Requires a defendant who wishes to establish such affirmative defense to demonstrate that: (1) the defendant previously made a reasonable good faith effort to anticipate, prevent, and effectively remediate a potential Y2K failure; (2) a Y2K upset occurred as a result of a Y2K failure or other emergency directly related to a Y2K failure; (3) noncompliance with the applicable federally enforceable measurement, monitoring, or reporting requirement was unavoidable in the face of an emergency directly related to a Y2K failure and was necessary to prevent the disruption of critical functions or services that could result in the harm of life or property; (4) upon identification of noncompliance the defendant invoking the defense began immediate actions to correct any violation of federally enforceable measurement, monitoring, or reporting requirements; and (5) the defendant submitted notice to the appropriate Federal regulatory authority of a Y2K upset within 72 hours from the time that the defendant became aware of the upset.
Makes the Y2K upset defense a complete defense to the imposition of a penalty in any action brought as a result of noncompliance with federally enforceable measurement, monitoring, or reporting requirements for any defendant who establishes by a preponderance of the evidence that such conditions are met, but limits its length to 15 days unless granted specific relief by the appropriate regulatory authority. Sets penalties for fraudulent use of the defense. Sunsets the defense after June 30, 2000. Specifies that nothing herein shall affect the authority of a government entity to seek injunctive relief or require a defendant to correct a violation of a federally enforceable measurement, monitoring, or reporting requirement.

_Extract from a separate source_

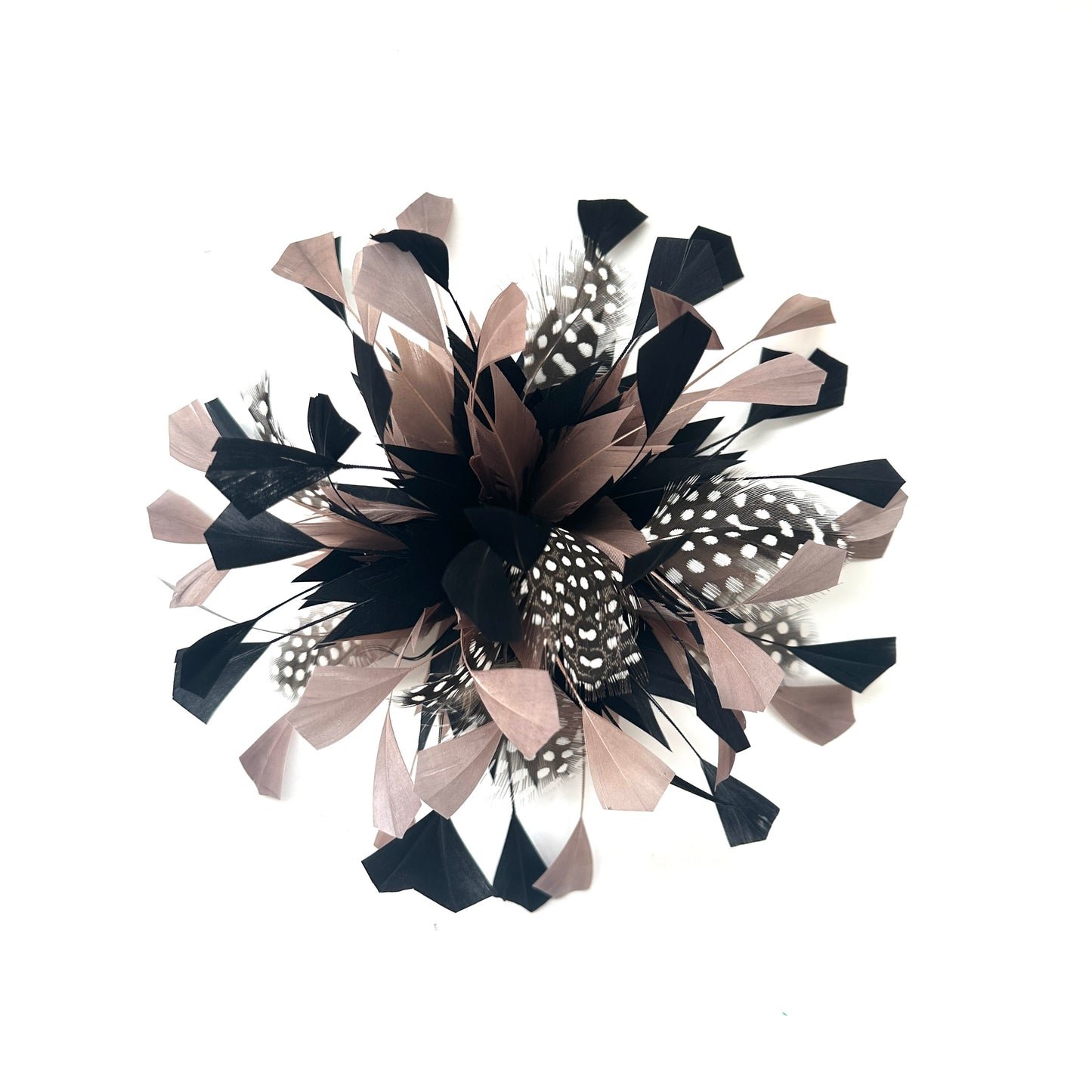 Spiky Centre Goose & Natural Colour Feather Flower Mount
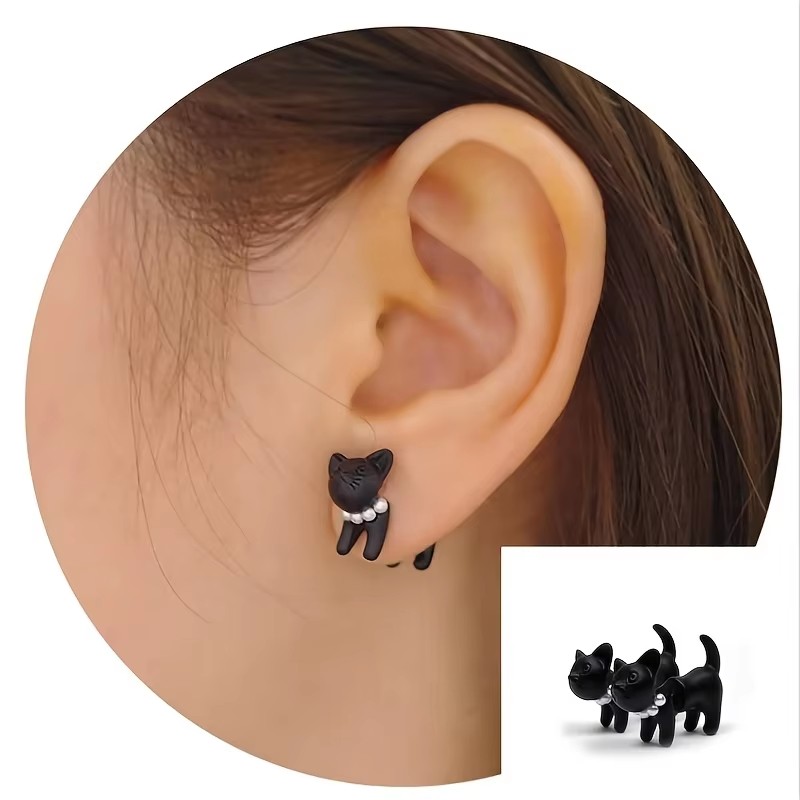 1 pair of Korean retro black perforated three-dimensional double-sided rear hanging pearl cute kitten earrings female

Sets forth provisions regarding consumer protection from Y2K failures. Prohibits any person who transacts business on matters directly or indirectly affecting residential mortgages from causing or permitting a foreclosure on any such mortgage against a consumer as a result of an actual Y2K failure that results in an inability to accurately or timely process any mortgage payment transaction. Requires a consumer who is affected by such inability to: (1) notify the servicer for the mortgage in writing and within seven business days from the time that the consumer becomes aware of the Y2K failure and the consumer's inability to accurately or timely fulfill his or her obligation to pay; and (2) provide to the servicer any available documentation regarding the failure.
Permits a prohibited action to resume if the consumer's mortgage obligation has not been paid and the servicer of the mortgage has not expressly and in writing granted the consumer an extension of time during which to pay the obligation, but only after the later of fours weeks after January 1, 2000, or four weeks after the required notification is made, with an exception.

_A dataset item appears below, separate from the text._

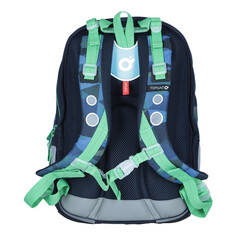 Ghiozdan ergonomic de școală  albastru - verde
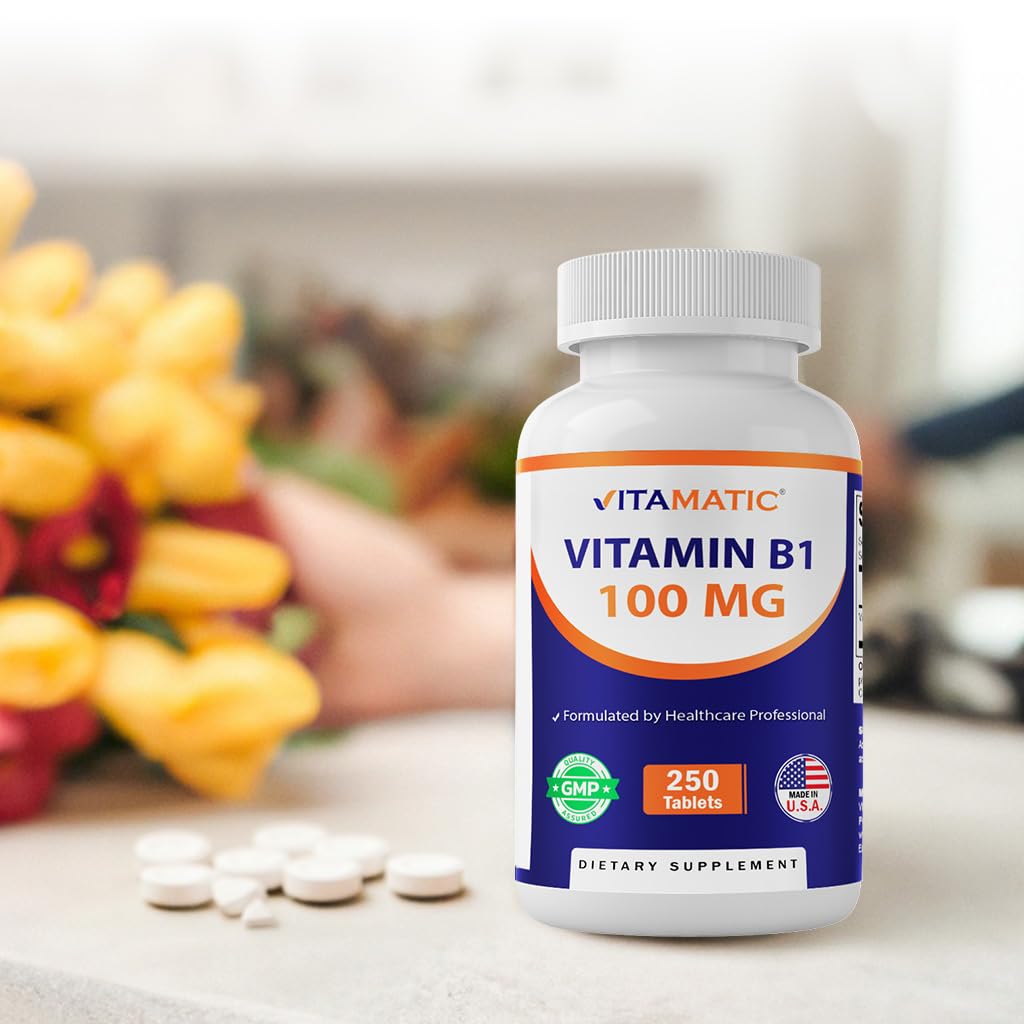 Vitamatic Vitamin B1 100mg – 250 Vegetarian Tablets | Energy, Nerve & Heart Health (Pack of 2)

Specifies that these provisions: (1) do not apply to transactions upon which a default has occurred before December 15, 1999, or with respect to which an imminent default was foreseeable before that date; and (2) delay but do not prevent the enforcement of financial obligations and do not otherwise affect or extinguish the obligation to pay.
Makes provisions of this Act inapplicable to any Y2K action in which the underlying claim arises under the securities laws.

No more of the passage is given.